Attorney General Dappula de Livera has got tough with the police. He summoned the CID Director and DIG in charge of the CID and censured them, on Monday. His consternation is understandable. The CID released former Minister Rishad Bathiudeen’s brother, Riyaj, arrested and detained for his alleged links to the Easter Sunday bombers. It has to consult the AG before releasing terror suspects, but it did not care to do so in this instance. One can only hope that the AG will not buckle under political pressure. He, however, is lucky that he cannot be transferred to Kankesanthurai.

The AG is right in having taken the CID officers to task and calling for an explanation, but it is doubtful whether he will be able to get at the truth, which will prove extremely embarrassing to the government grandees wooing Opposition MPs of easy virtue to ensure that they will have a two-thirds majority to steamroller their 20th Amendment through Parliament. The police are sure to stonewall the AG’s questions, unable to reveal who ordered them to do what they did.

The police would not have released the brother of an Opposition politician, without the AG’s permission unless they had been ordered to do so by someone above the AG. The CID bigwigs find themselves in the same predicament as their State Intelligence Service counterparts who have had to defend their former political masters whose lapses enabled the NTJ terrorists to carry out the Easter Sunday attacks with ease.

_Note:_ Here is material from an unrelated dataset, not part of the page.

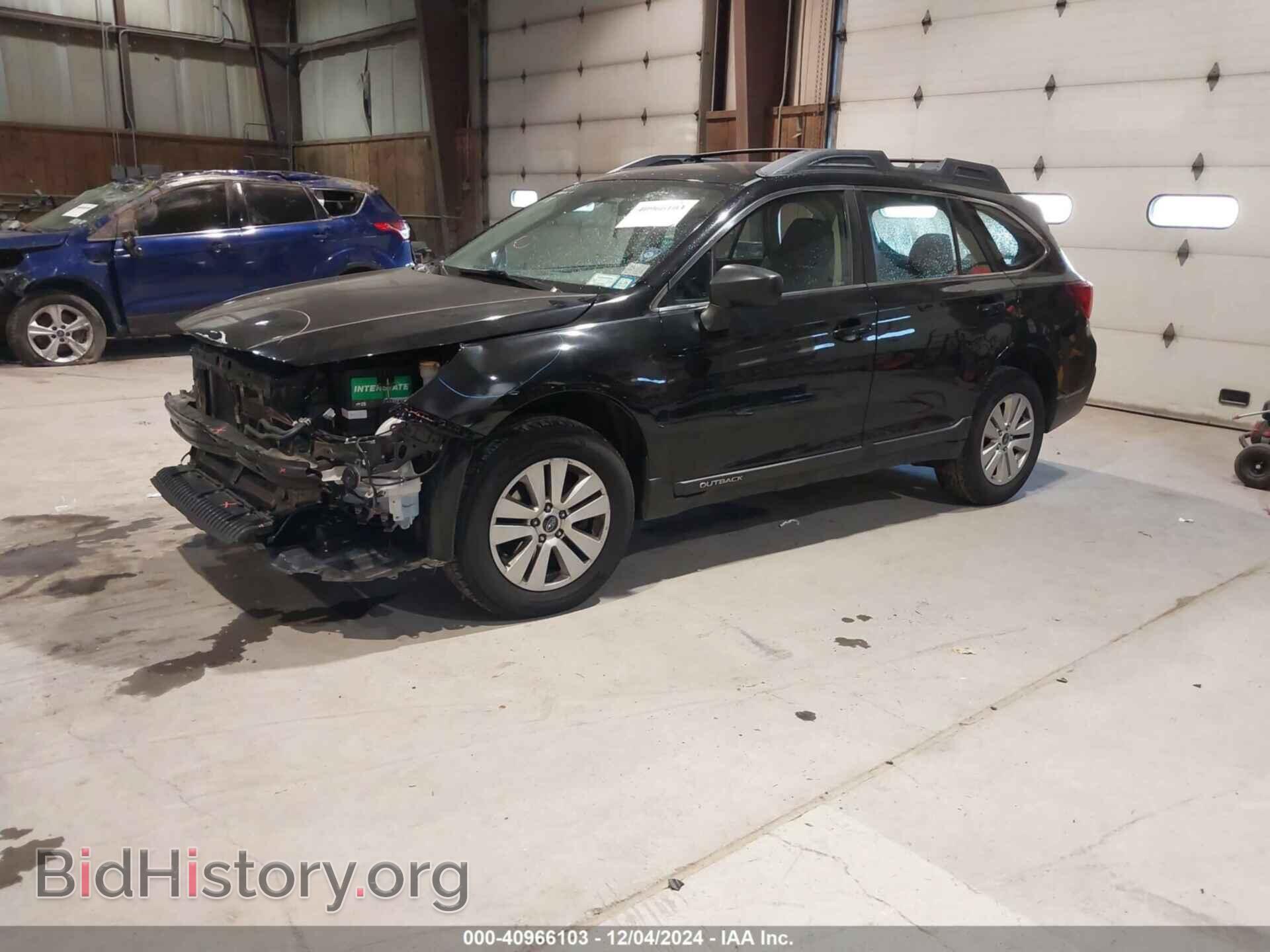 2018 SUBARU OUTBACK - VIN: 4S4BSAAC3J3231486 - Фото 2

AG de Livera, who grilled a bunch of racketeers before the Presidential Commission of Inquiry which probed the bond scams, and elicited as much information as possible, may recall the plight of former Central Bank Governor Arjuna Mahendran. Everybody knew Mahendran had followed orders from on high in carrying out the bond scams, but he could not reveal who had asked him to do so. He chose to prevaricate, take the blame and flee the country. Those who released Bathiudeen’s brother, however, are not so unlucky; their political bosses are ensconced in power. If they take the blame for setting Riyaj free, they will be rewarded. One may recall that, in 2011, following a brutal police crackdown, which left a Free Trade Zone worker dead, the then IGP Mahinda Balasuriya opted for premature retirement, taking full responsibility for the incident and, thereby, helping deflect the blame from his political bosses; he was appointed Sri Lanka’s Ambassador to Brazil. Former IGP Pujith Jayasundera has said that after the Easter Sunday carnage, the then President Maithripala Sirisena wanted him to be the fall guy in return for a diplomatic post among other things, but he turned down the offer.

Government MPs have received praise for being critical of the release of Bathiudeen’s brother and writing a letter to President Gotabaya Rajapaksa, calling for a probe. In defending their government, the SLPP MPs have adopted the same ruse as pickpockets in trouble. When the members of the nimble-fingered fraternity happen to make a botch of things, run the gauntlet and face the prospect of being hauled up by the police, their confederates come, beat them harder than others do and take them away, vowing to hand them over to the police. The government MPs are trying to hijack the protests against the release of Bathiudeen’s brother and direct public anger at the police. (No sooner had the SLPP MPs, numbering 100, sent their letter to the President and the Prime Minister than it was released to the media!) They have had Police Spokesman SSP Jaliya Senaratne stripped of the post of Police Spokesman and transferred to Kankesanthurai. Whether they will be able to pull the wool over the eyes of the public with such ruses remains to be seen.